Input material section start
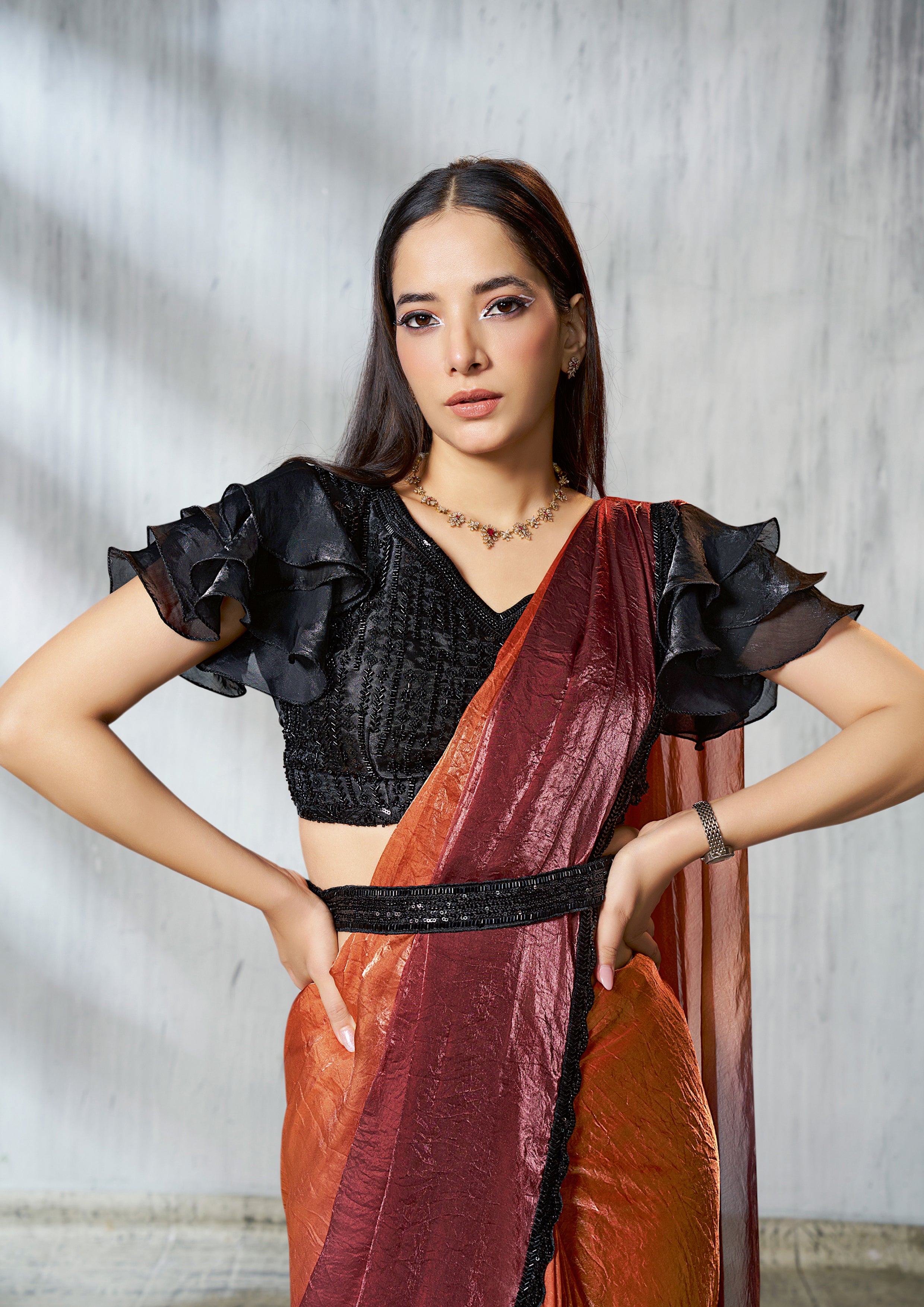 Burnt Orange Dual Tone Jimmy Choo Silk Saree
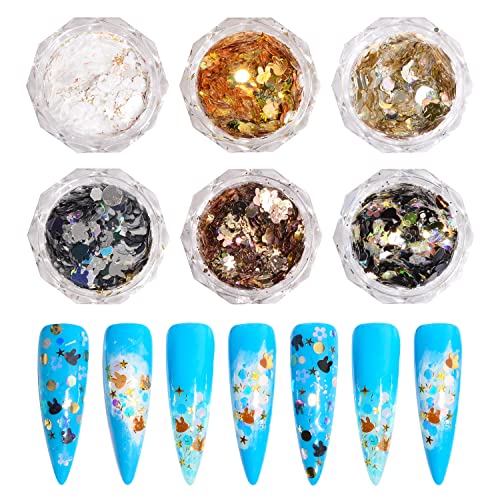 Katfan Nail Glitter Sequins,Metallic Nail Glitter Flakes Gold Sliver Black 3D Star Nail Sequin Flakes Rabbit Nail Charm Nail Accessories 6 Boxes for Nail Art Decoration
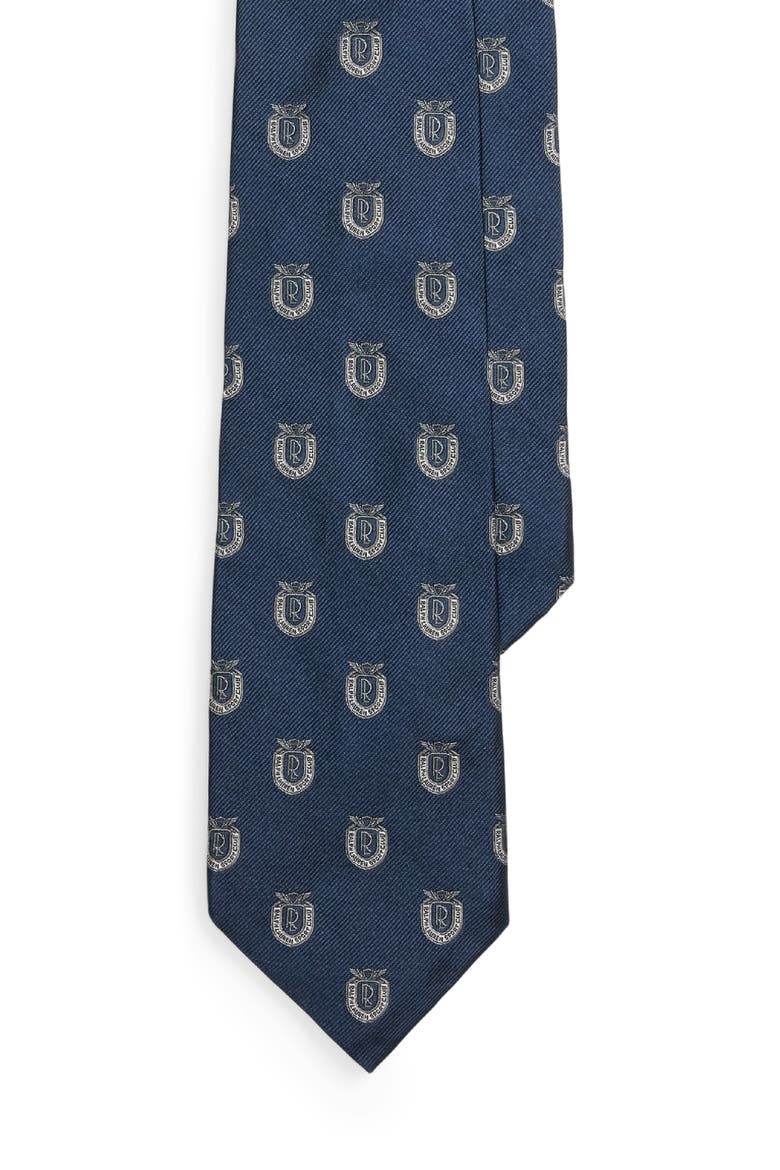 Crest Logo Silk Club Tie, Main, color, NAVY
Input material section end
Input material section start
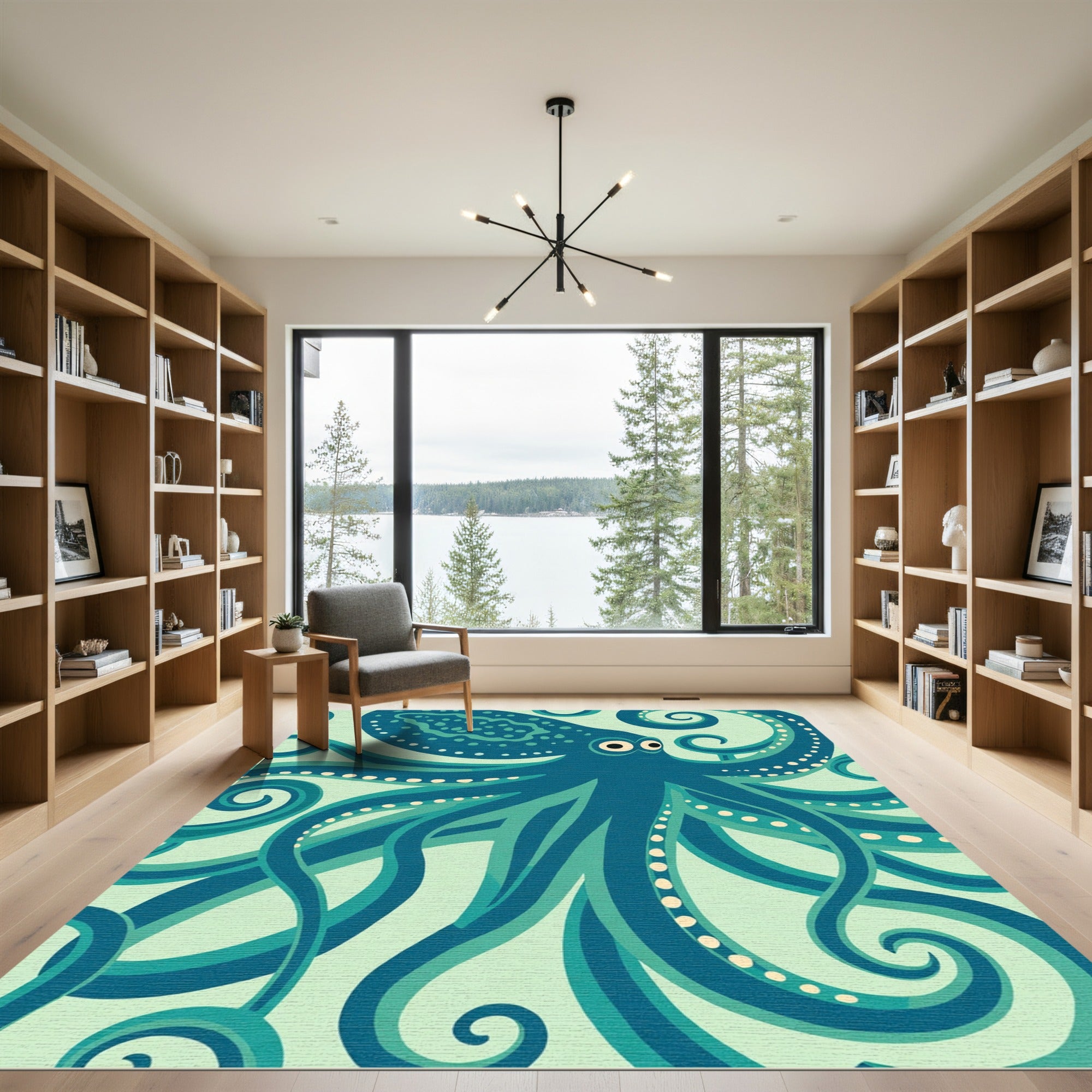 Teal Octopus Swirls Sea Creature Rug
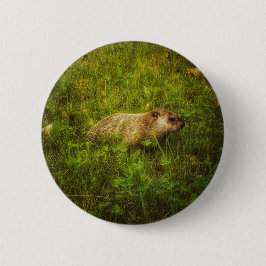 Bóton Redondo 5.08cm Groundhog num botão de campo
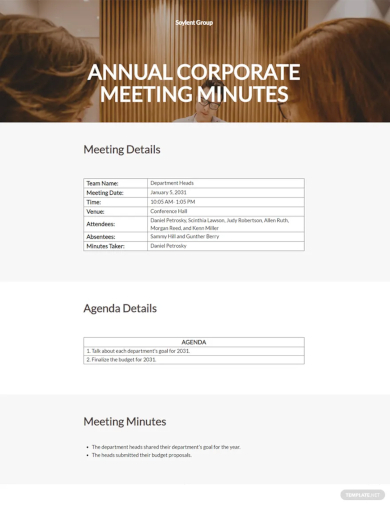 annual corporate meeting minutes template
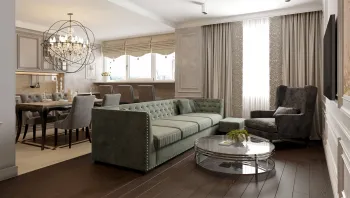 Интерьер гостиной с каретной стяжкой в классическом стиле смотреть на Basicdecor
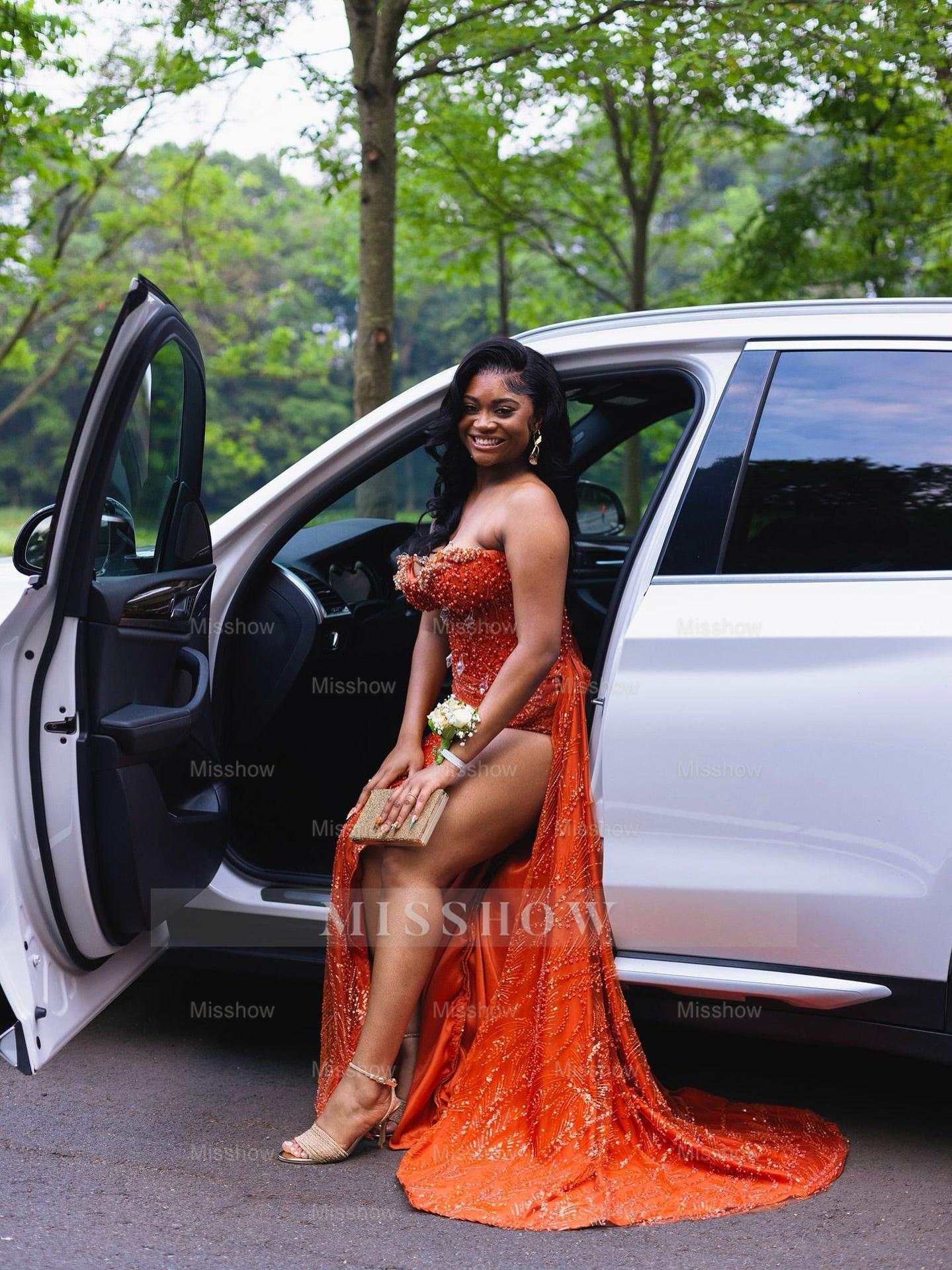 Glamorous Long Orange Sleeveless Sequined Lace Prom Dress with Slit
Input material section end
With pictures excluded, reproduce exactly the lines above from the one containing "Burnt Orange Dual Tone Jimmy Choo Silk Saree" down to the one containing "Crest Logo Silk Club Tie, Main, color, NAVY", those two included.

 Burnt Orange Dual Tone Jimmy Choo Silk Saree
 Katfan Nail Glitter Sequins,Metallic Nail Glitter Flakes Gold Sliver Black 3D Star Nail Sequin Flakes Rabbit Nail Charm Nail Accessories 6 Boxes for Nail Art Decoration
 Crest Logo Silk Club Tie, Main, color, NAVY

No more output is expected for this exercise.